These streets are a great metaphor for the slippery paths in our creative worlds. In writing and publishing, the landscapes are always changing. What is solid ground today can turn into a slick surface at rise. I’m learning to find and create railings to hold on to like I did this morning on my walk.

Last week I wrote about my excitement returning to the playwriting course. I’m still excited about the writing but was  disappointed to hear that my mentors are not interested in staging my play after all. I was stunned when I received that talk. I was still in the same emotional and mental place as I was during our last conversation. But a change had taken place. People change their minds all the time. It’s part of human nature. They move on to what is beneficial for them. I get that. There are no contracts signed.

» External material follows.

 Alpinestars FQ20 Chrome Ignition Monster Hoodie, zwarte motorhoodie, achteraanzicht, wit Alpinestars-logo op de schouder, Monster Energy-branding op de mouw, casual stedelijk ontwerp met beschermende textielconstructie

Life is a process. I’m learning to surrender. What I may want or think is right for me may not be. I’ve had a lot of practice dealing with the changing landscapes over a lifetime, but especially so during this last year. I’m listening to the voice that whispers in my ear, Hold on to the railings, Theresa. I’ll help you find them. More will be revealed.

Happy Writing!

Behind the Scenes

I’m always concerned with what’s going on behind the scenes with my characters, their lives, and their narratives. Only a fraction of the fullness of a character’s being is presented on the pages that end up in a novel. Much of the information that is kept out is trivial. For instance, time in the shower or bathroom aren’t usually included in a scene unless the protagonist is taking a luxurious bubble bath.

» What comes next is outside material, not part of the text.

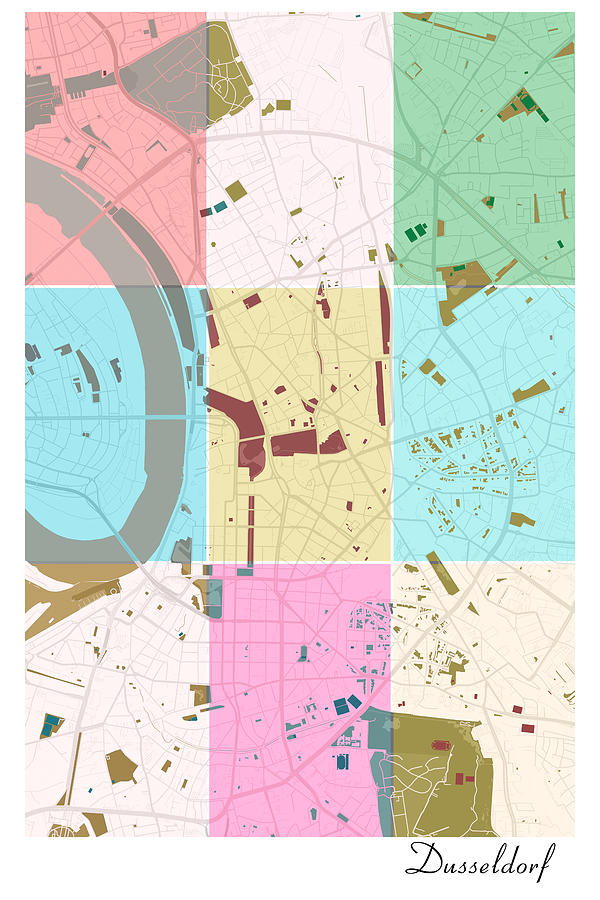 Dusseldorf Deutschland City Map Pop Art Digital Art By Dandi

As a writer, I tend to keep some details to a minimum. In real life, I do the same. In August of last year, I wrote about the upheaval of my life when my father was found disoriented in town. Our lives changed. We moved him in with us. Alzheimer’s. This meant learning how to navigate the elder care health, legal, and economics fields and find out how they pertained to us personally. It meant having a home attendant, actually a parade of home attendants, coming into my home. The downsizing of my personal space came right along with all of that. My office is now the dining room table. My Dad is safely ensconced in what used to be my private space. The honored space I meditated, prayed, and wrote in daily. I’m learning to do those things in other ways. It’s not easy but it is. Is. I am. I am learning and doing in different ways.

During these past several months, I cut ties with my publisher and re-edited my novels. They are again available in softcover and kindle on Amazon.com. I also quietly birthed my first poetry book, Answered by Silence. The poems tell the story of my life after the death of my sister when I was eleven years old. Life was not easy then and it’s not easy now. Challenge is a major code word that I learn and relearn to decipher. It’s akin to the mysteries I write. My second Daisy cozy mystery is slowly developing. I’m still writing and in the middle of collaboratiion with a wonderful new editor for my third novel, Coney Island Siren. These things are all happening. Very slowly. I’d almost forgotten how to get into this website. That’s the way life is sometimes. As my Mom used to say, This too Shall Pass.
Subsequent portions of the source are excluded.